Attention: You are viewing archived content. The information may be outdated and links may no longer work.

PADUA, Italy — Dr. Peter Stone, assistant professor of computer sciences, and his student team won first place in a computer-simulated soccer competition at RoboCup 2003 in Italy.

The win came in the on-screen soccer competition, in which Stone’s team and 11 others from Iran, Portugal and elsewhere each entered a “coach” to guide on-screen players in their quest to beat the same opposing team. The coaches consisted of artificial-intelligence based computer programs that provided adaptable coaching advice to players. By seeing how earlier games panned out, Stone’s team was able to develop a coach that used automatically learned rules generated from a decision-tree learning algorithm to sweep the competition.

The computer sciences students participating in the coached simulation league were undergraduates Justin Lallinger and Bharat Kejriwal, and graduate student Greg Kuhlmann.
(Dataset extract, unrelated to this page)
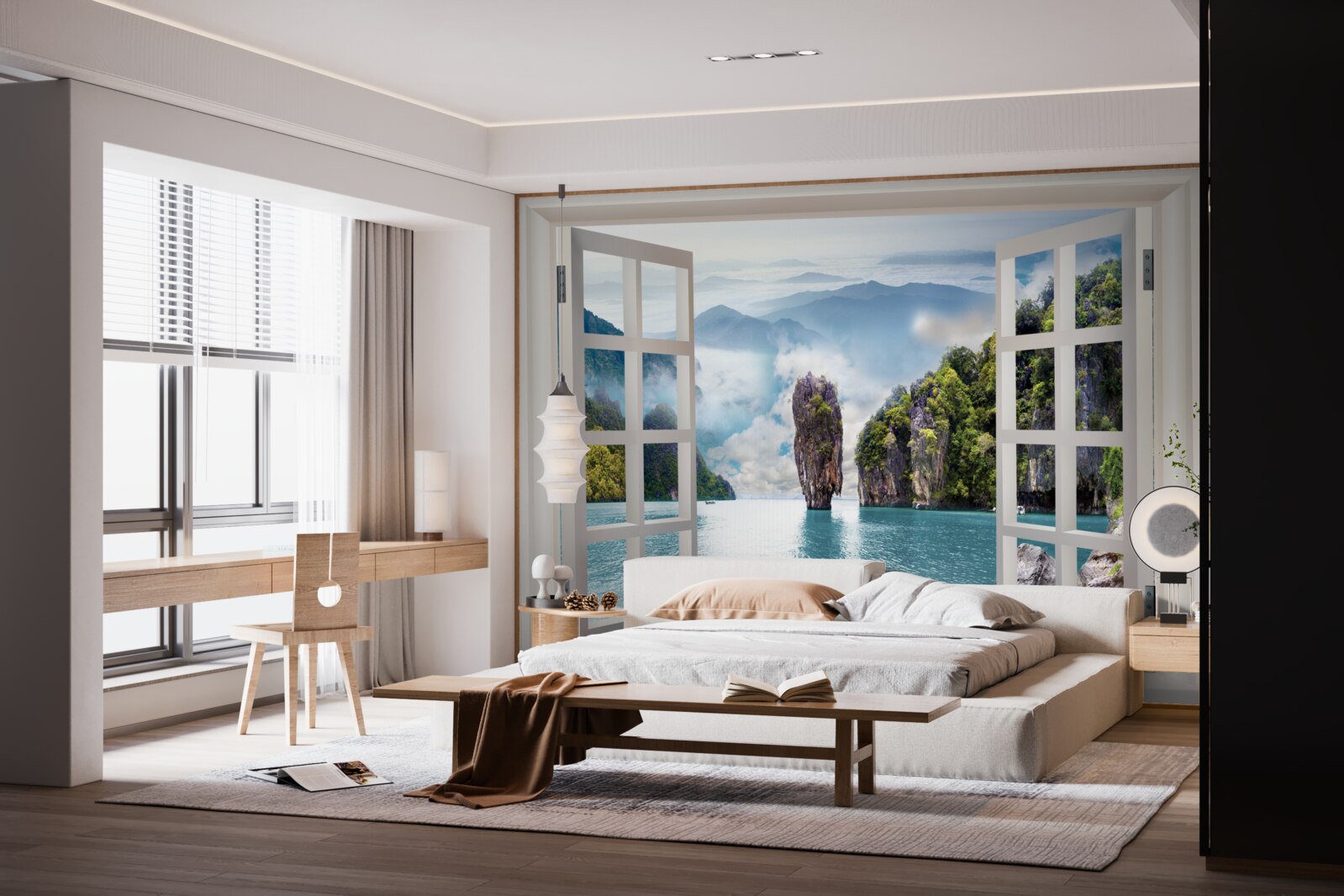 Fototapeten Fenster mit Blick auf die Landschaft von Felsen und ruhigen Meeresräumen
Lallinger applied the finishing touches to the UT Austin Villa coach, and Kuhlmann was responsible for much of the machine learning used in the competition.

The coached competition was one of two in which Stone entered teams. In the other, legged league, Stone and another student team entered Aibo robots in four games against similar robots. Each team’s robots had the same hardware from Sony, but different software code developed from scratch by the scientists or embellished upon from previous competitions. Stone’s team, which developed its code from scratch in the past five months, scored a goal in two of its games. The UT Austin Villa robots also finished fourth in unofficial scientific challenges at RobCup, which began July 2 and ends July 11.

The win at the international RoboCup championship follows a second-place finish by Stone’s team in the coached computer simulation league in the first RoboCup American Open, which was held in May in Pittsburgh.

U. S. News & World Report ranks the graduate program of the university’s Department of Computer Sciences among the top 10 nationally, and its program in artificial intelligence is number five nationally.